## TASK PROMPT
Reproduce exactly the lines below, from the first one through the line containing "Hilton Xi'an High-tech Zone Meeting", and omit any pictures.

## INFORMATION GIVEN
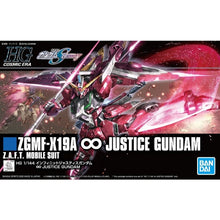 Load image into Gallery viewer, HGCE INFINITE JUSTICE GUNDAM - Shiroiokami HobbyTech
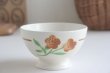 画像3: Brown flower bowl (3)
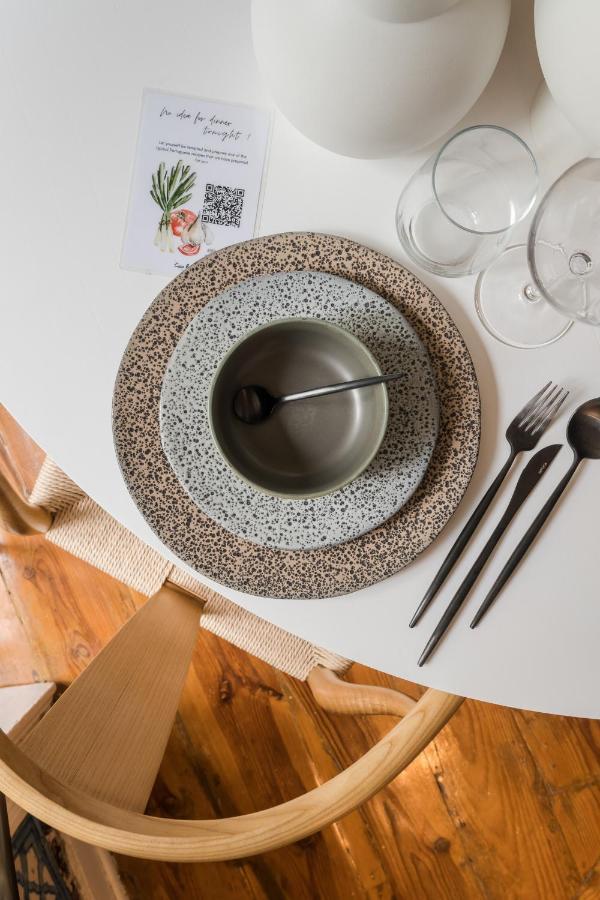 Casa Boma Lisboa - Typical & Charming Apartment - Campo III エクステリア 写真
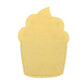 Packed Party cupcake-shaped gift card holder with colorful, festive design for special occasions and celebrations.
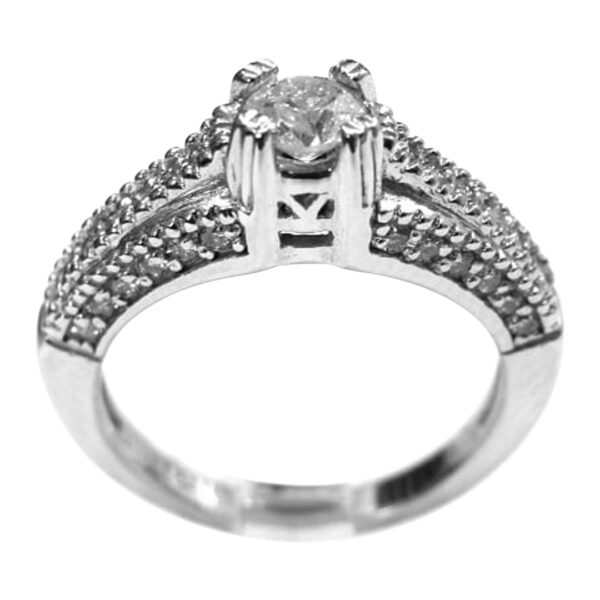 Ladies Engagement Ring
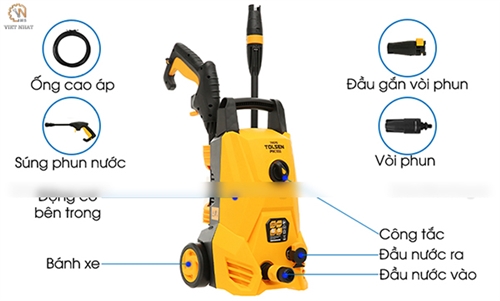 Hướng Dẫn Sử Dụng Máy Karcher Đúng Cách Và An Toàn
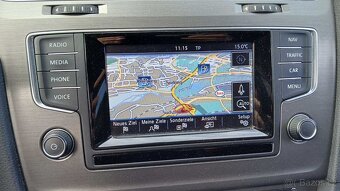 Volkswagen Golf 7 1.4 Tsi 103 KW COMFORTLINE TOP STAV 180tkm - 2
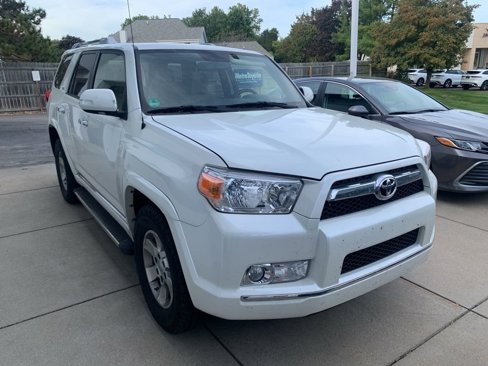 Used 2013 Toyota 4Runner SR5 image 4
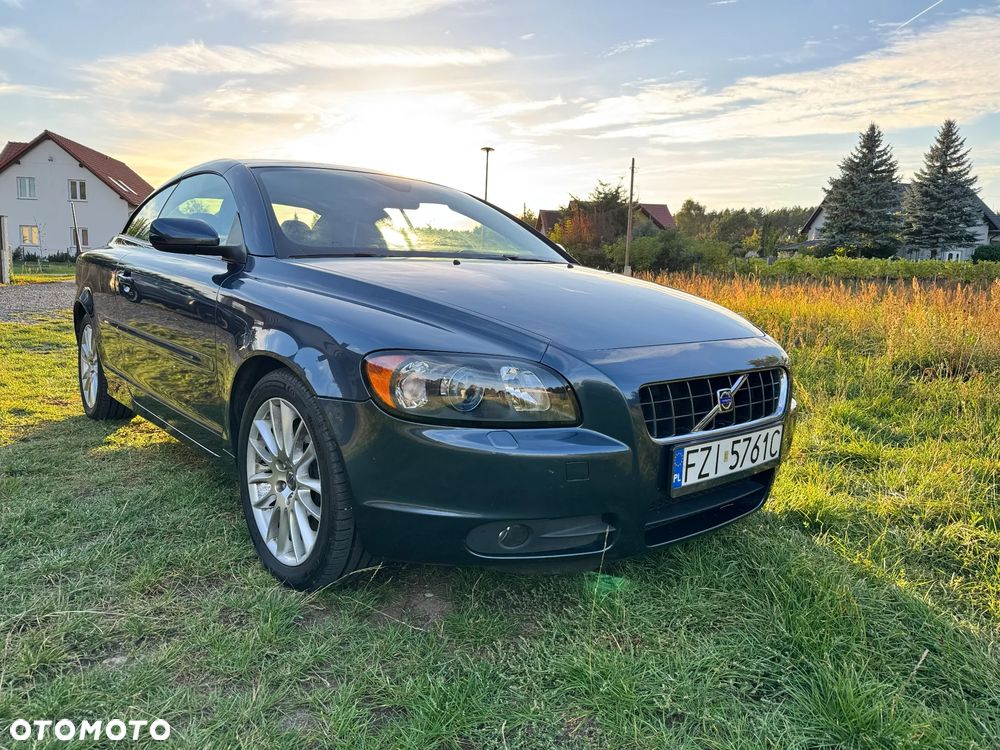 Volvo C70 - 5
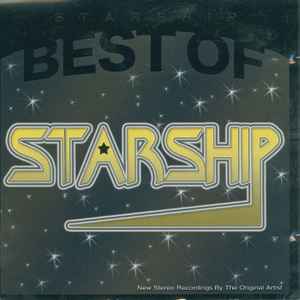 Starship - Best Of Starship (WTC)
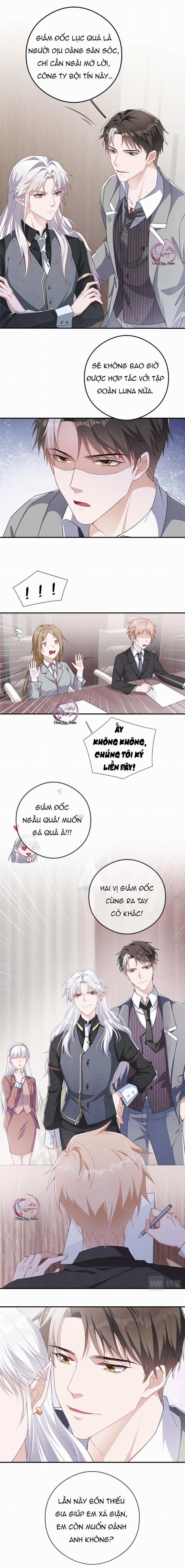 Trói Chặt Sói Của Tôi 6 trang 1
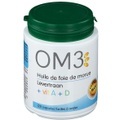 OM3 Lebertran Vit A+D, Kapsel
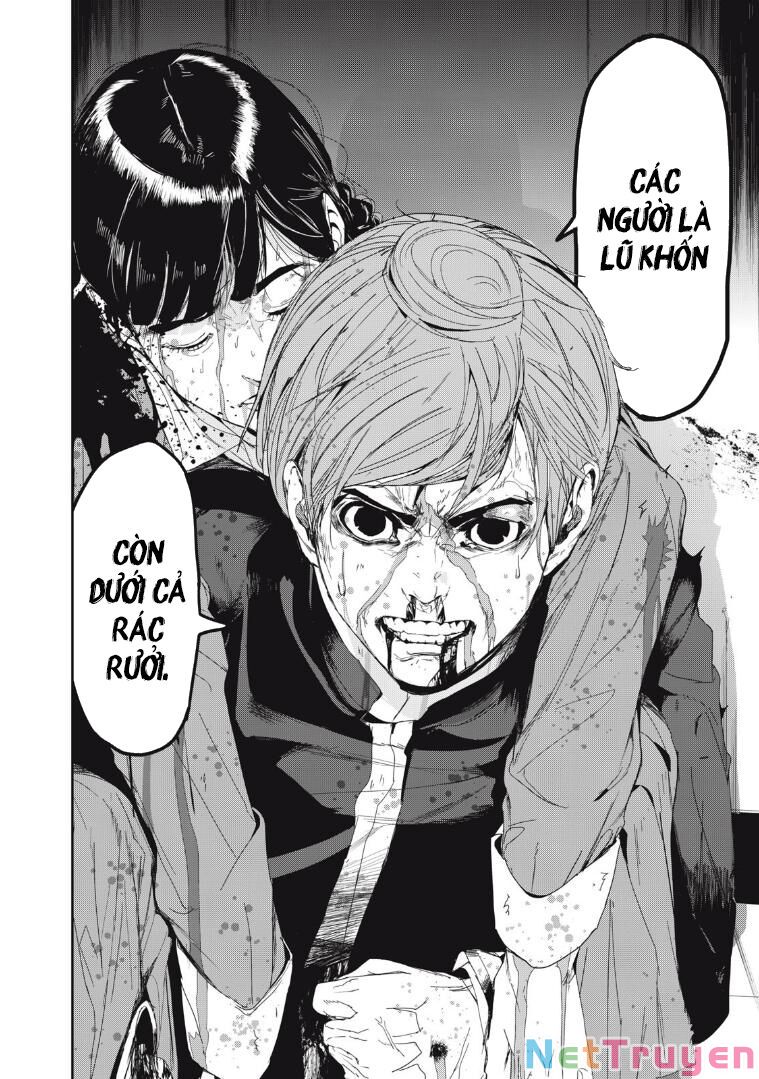 shokuryou jinrui re: starving re:velation chapter 20 8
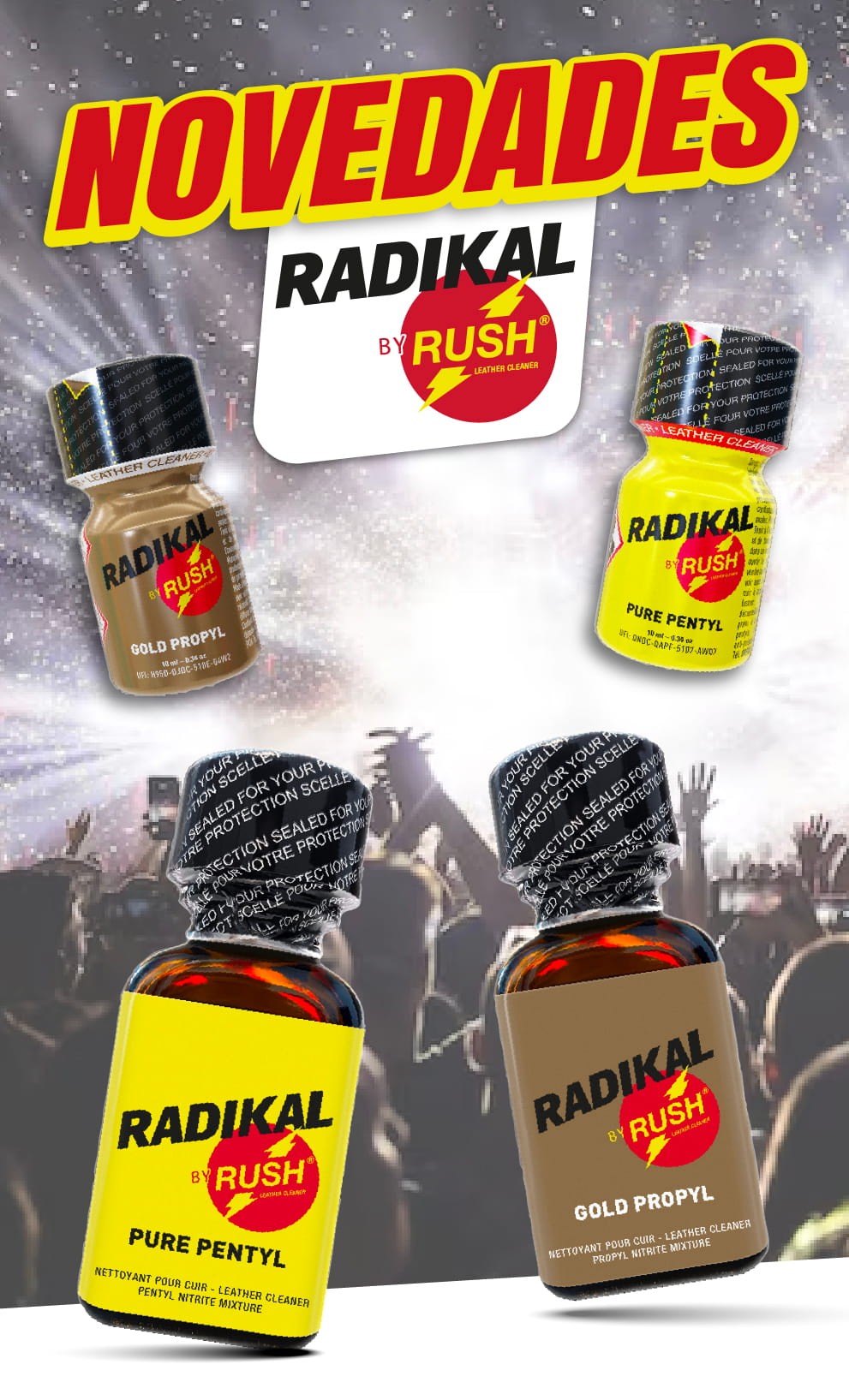 NOVEDADES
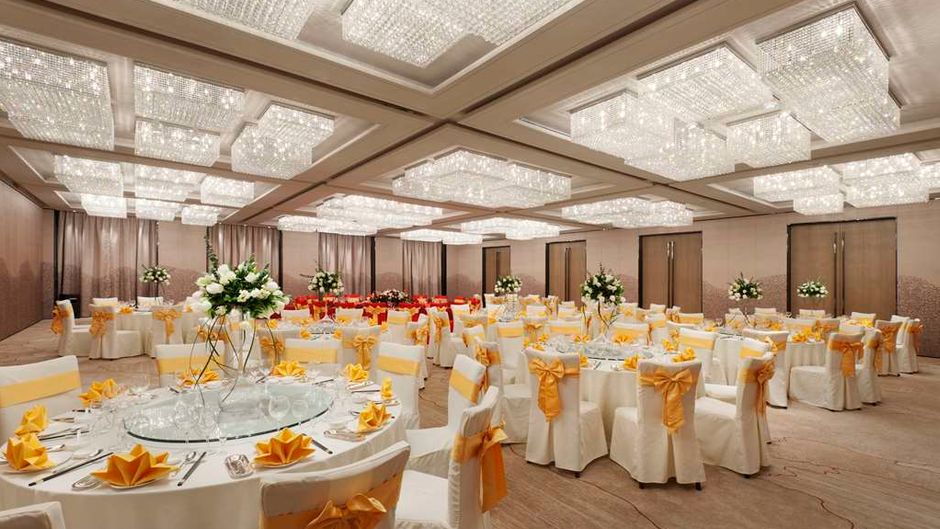 Hilton Xi'an High-tech Zone Meeting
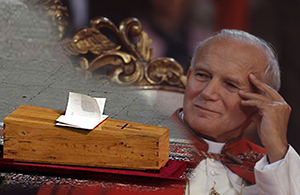 Accadeva il 2 aprile 2005  / Fuoco, vento, luce… Dieci anni fa la morte di Papa Giovanni Paolo II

## YOUR RESPONSE
 Load image into Gallery viewer, HGCE INFINITE JUSTICE GUNDAM - Shiroiokami HobbyTech
 画像3: Brown flower bowl (3)
 Casa Boma Lisboa - Typical & Charming Apartment - Campo III エクステリア 写真
 Packed Party cupcake-shaped gift card holder with colorful, festive design for special occasions and celebrations.
 Ladies Engagement Ring
 Hướng Dẫn Sử Dụng Máy Karcher Đúng Cách Và An Toàn
 Volkswagen Golf 7 1.4 Tsi 103 KW COMFORTLINE TOP STAV 180tkm - 2
 Used 2013 Toyota 4Runner SR5 image 4
 Volvo C70 - 5
 Starship - Best Of Starship (WTC)
 Trói Chặt Sói Của Tôi 6 trang 1
 OM3 Lebertran Vit A+D, Kapsel
 shokuryou jinrui re: starving re:velation chapter 20 8
 NOVEDADES
 Hilton Xi'an High-tech Zone Meeting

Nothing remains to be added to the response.